• _PROBLEM DESCRIPTION_:
Using the data beneath this instruction, retype only the lines from the one that contains "Tour des collines" down to the one that contains "Ficus benjamina Goldenking", both included, exactly as they appear.

• _STORED DATA_:
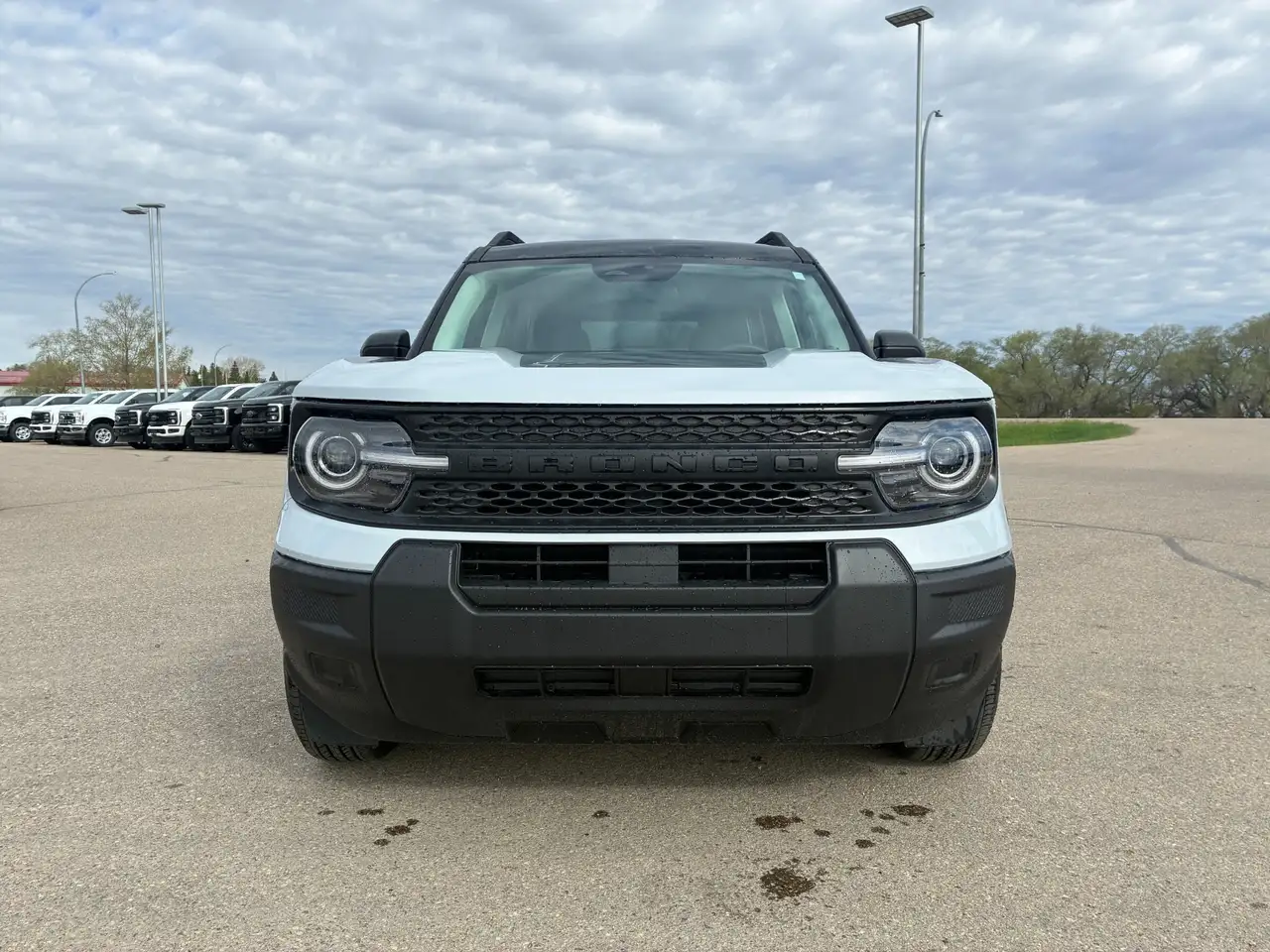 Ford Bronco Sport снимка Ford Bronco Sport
* * *
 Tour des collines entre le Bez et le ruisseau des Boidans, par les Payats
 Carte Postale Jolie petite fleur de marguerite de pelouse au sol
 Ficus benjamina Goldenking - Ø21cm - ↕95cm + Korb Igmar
--
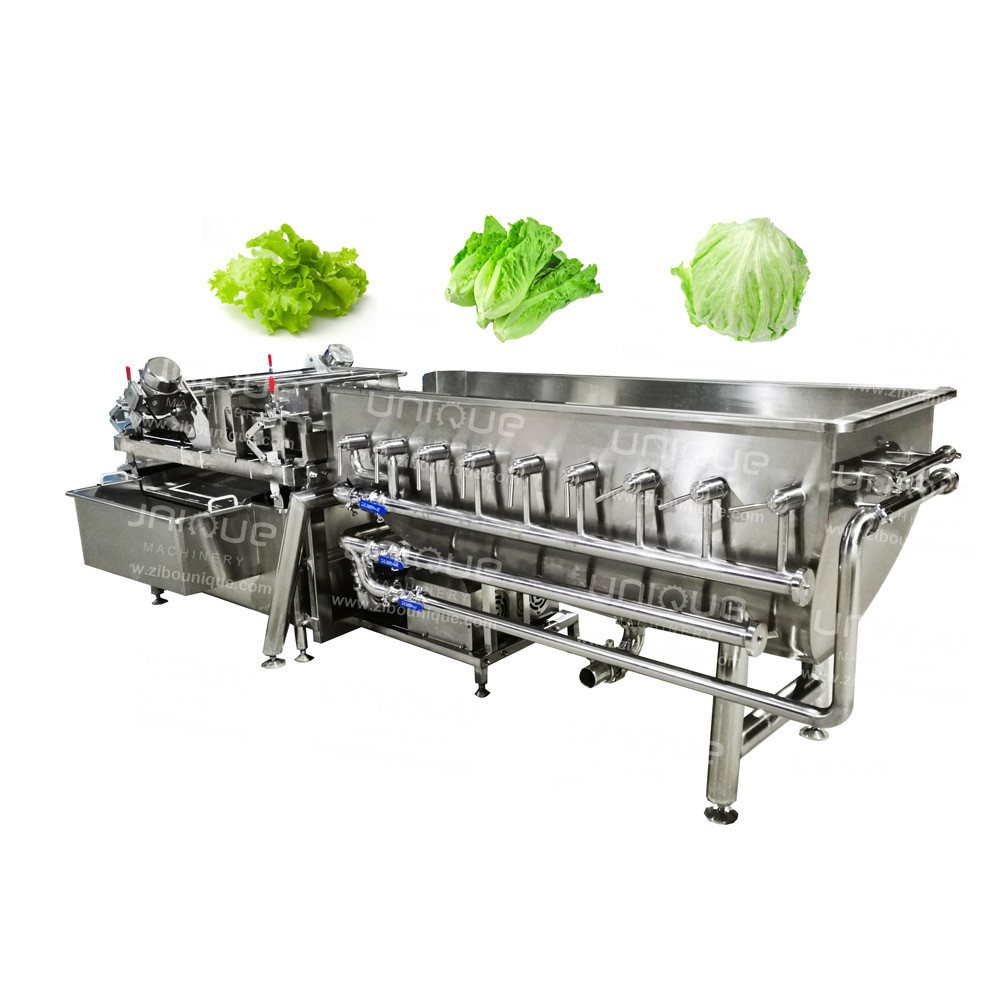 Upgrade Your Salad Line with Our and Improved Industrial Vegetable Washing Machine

• _REPLY TO THE EXERCISE_:
 Tour des collines entre le Bez et le ruisseau des Boidans, par les Payats
 Carte Postale Jolie petite fleur de marguerite de pelouse au sol
 Ficus benjamina Goldenking - Ø21cm - ↕95cm + Korb Igmar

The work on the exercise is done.